Portable hyperbaric chamber

by Schneider, William C; Locke, James P.; De La Fuente, Horacio M;



ORIGIN OF THE INVENTION

The invention described herein was made by employees of the United States Government and may be manufactured and used by or for the government of the United States of America for governmental purposes without the payment of any royalties thereon or therefor.

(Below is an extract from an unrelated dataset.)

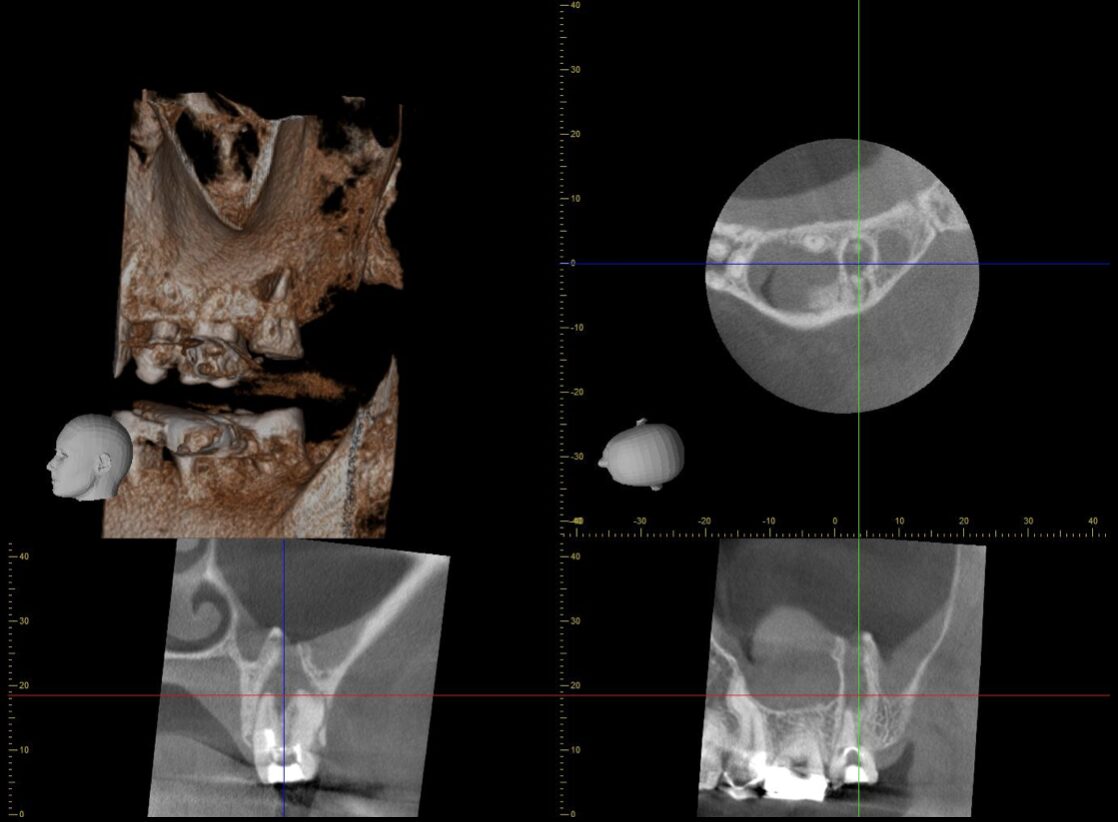 上顎洞へ交通する根尖性歯周炎（歯髄壊死）の再治療 治療前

BACKGROUND OF THE INVENTION

1. Field of Invention

This invention relates to a hyperbaric chamber. Specifically, the invention describes a human hyperbaric chamber and airlock system that is lightweight, portable, stowable and collapsible. It provides the atmospheric pressures (over two atmospheres) required for standard hyperbaric medical treatments, including both hypobaric and hyperbaric decompression sickness. The device can be sized to contain at least one patient and attending medic(s).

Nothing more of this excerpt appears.